Onset by Sir John Cowperthwaite’s policy of “positive non-interventionism” (a policy similar to the doctrine of laissez-faire) in 1971, Hong Kong’s industrialization led the International Monetary Fund (IMF) to consider the nation as having progressed to an “advanced economy”, evident mainly from the dramatic increase in it’s per capita income. The case of Hong Kong – how it moved from an impoverished British colony to the global epitome of prosperity – has been heralded within the field of development economics as a success story that serves as a beacon of hope to developing countries. Yet although the ability of the market mechanism to lift nations out of poverty remains unparalleled, the often cited reason for its implementation is based on what Noble prize winner Amartya Sen considered as a misunderstanding of the term “development” in contemporary economic thought. Development should be seen, contrary to the modern emphasis on an increase in utilities and/or income, as an expansion of freedom. Sen perceives freedom to be composed of: political freedoms, economic facilities, social opportunities, transparency guarantees and protective security. The freedom-centred view of development has two advantages. On the one hand, it encompasses the mechanics of development, of which being the free agency of individuals to shape the world around them. On the other, such perspective is holistic in that it assigns equal importance to neglected aspects of development such as mortality rate (which measures the basic freedom to survive), indicating that development’s raison d’être should not, and can not, revolve solely around monetary issues. Synthesizing the views of Easterly and Sen, the question becomes not whether, but how markets can be brought to Africa. Such would advance utilities and incomes hitherto not seen in the continent, thereby adhering to the superficial view of development. Fundamentally, it would give Africans an inalienable right – the freedom to transact, which Sen alludes to as being as natural as the conversations between people – leading to an increase in their general freedom because of the linkage between the aforementioned instrumental freedoms, or as Austrian economist Ludwig von Mises lucidly said: “When men have gained freedom in purely economic relationships they begin to desire it elsewhere”.

The archetypes of the Planners – the IMF and World Bank – have averted from their original purposes and have instead aimed to institute liberalized markets from the top in the developing world.

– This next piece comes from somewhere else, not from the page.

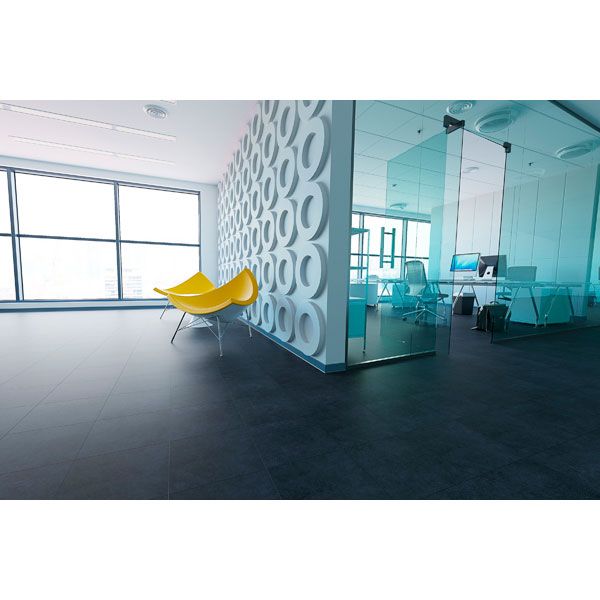 Плитка Golden Tile Area Cement антрацит 32У830 40x40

With their array of development aid monies and programmes, it is hoped that that the economies of the recipient nations will transition to a more open market economy – the economic system that has been proven historically as the most likely to bring about development in both its superficial and fundamental form.

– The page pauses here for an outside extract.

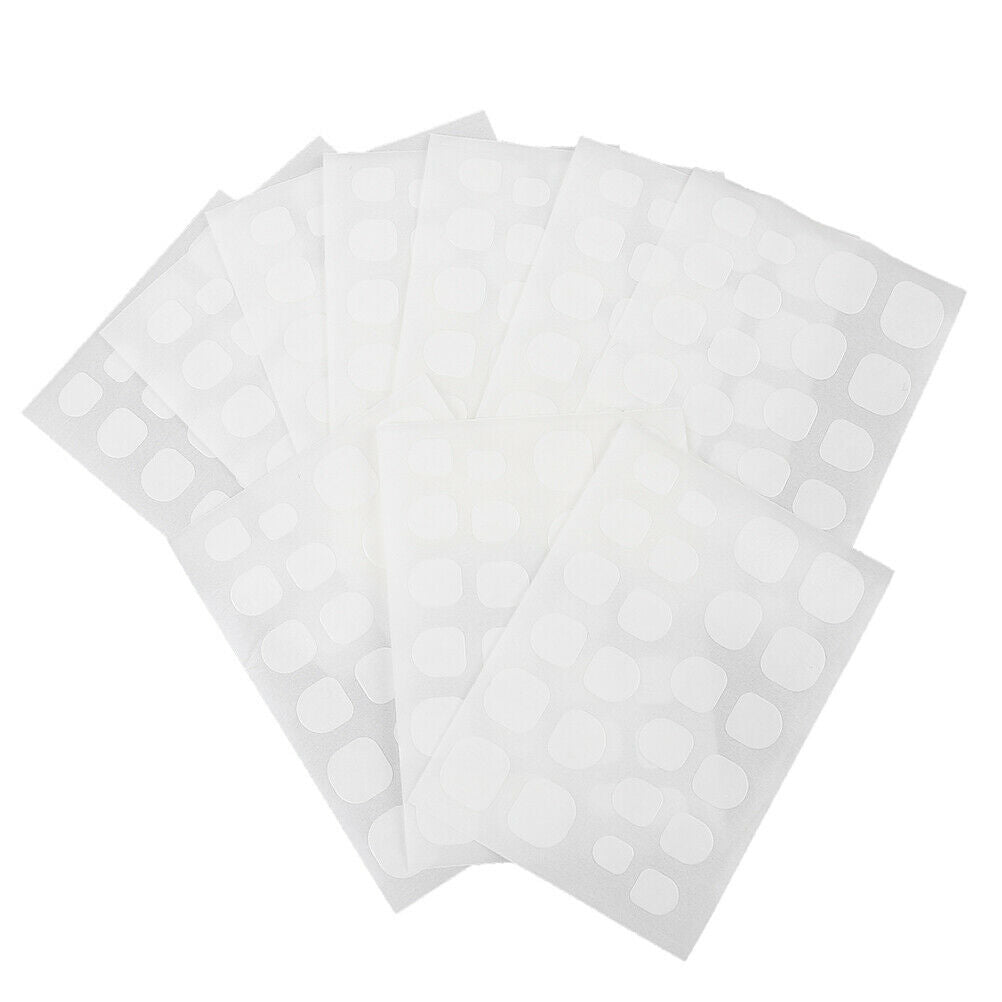 240pcs Double-side Adhesive Tips White False Nails Tool Nail Glue T lj Y1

But at the heart of the IMF and World Bank’s proposals resides what Easterly sees as the paradox of free markets: Free markets work, but the imposition of free market reforms on the developing world often do not. Indeed, according to Easterly, none of the African nations that were in the world’s top twenty list of structural adjustment loans recipients during 1980-1999 posted the macroeconomic objectives of economic growth and low inflation. At the end of the time period, for instance, Niger saw a per capita economic growth rate of -2.30%; Uganda experienced an inflation rate of 50%, sufficient enough to be classified as hyperinflation. Most significantly, the economic freedom of the twenty nations in 1999, as measured by The Heritage Foundation on a scale of 0-100 (with 100 being economically free) was 55, garnering the rating of “mostly unfree”. Given this rating, it is possible to reverse von Mises’ statement: When men have been deprived freedom in purely economic relationships they begin to be subdued elsewhere. Such truism has unfortunately manifested itself in Africa, which has not only led to a failure to achieve the macroeconomic objectives and a rise in incomes and utilities, but causally speaking, has led to a curtailment of freedom, and therefore, a hindrance on development.

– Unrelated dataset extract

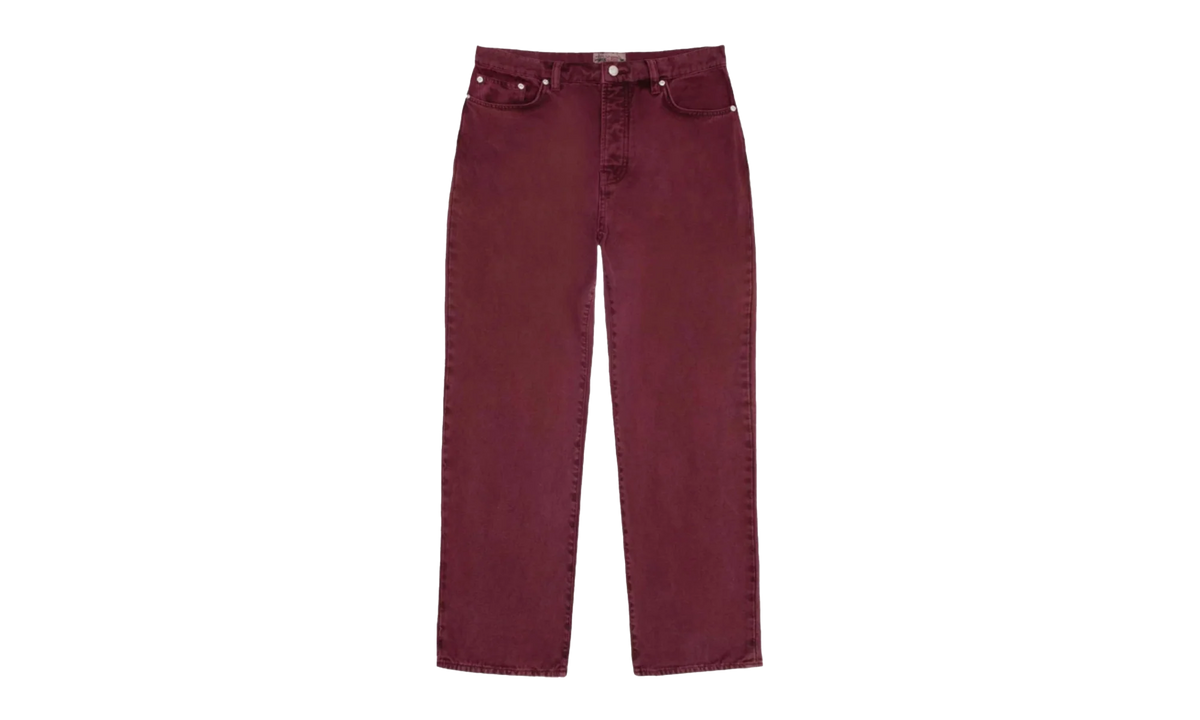 Washed Canvas Classic Jean "WINE" 116659 WINE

Primarily due to vacuous conditionalities and the characteristic of fungibility, the Planners’ development aid supports the very governments it claims to oppose. Nowhere is this more egregious than the IMF’s history in financially supporting military dictators. In Zaire, Mobutu Sese Soko’s 32-year dictatorship was sustained by the $1.03 billion received in development aid, mostly funnelled by the IMF. The regime was noted for its heinous human rights offences, one amongst many being the execution of political opponents, which is antagonistic to Sen’s conception of political freedom as the “possibility to scrutinize and criticize authorities”. Given the public’s political means to give feedback on Mobutu’s reign was repressed, and if we agree with Clausewitz’s famous dictum that “war is merely the continuation of politics by other means”, it can be deduced that the Planners’ development aid – by it’s act of supporting despotic regimes – often ignites civil war in African nations (the First Congo War that followed Mobutu’s reign was the eventuation of this deduction). Altogether, the Planners’ failure to implement markets results at first, in the recipient nations devoid of economic freedom; ultimately, the disintegration of the social fabric because of a lack of political freedom and high mortality rates from conflicts derived from the issuance of development aid (over 200,000 civilians died in the First Congo War alone).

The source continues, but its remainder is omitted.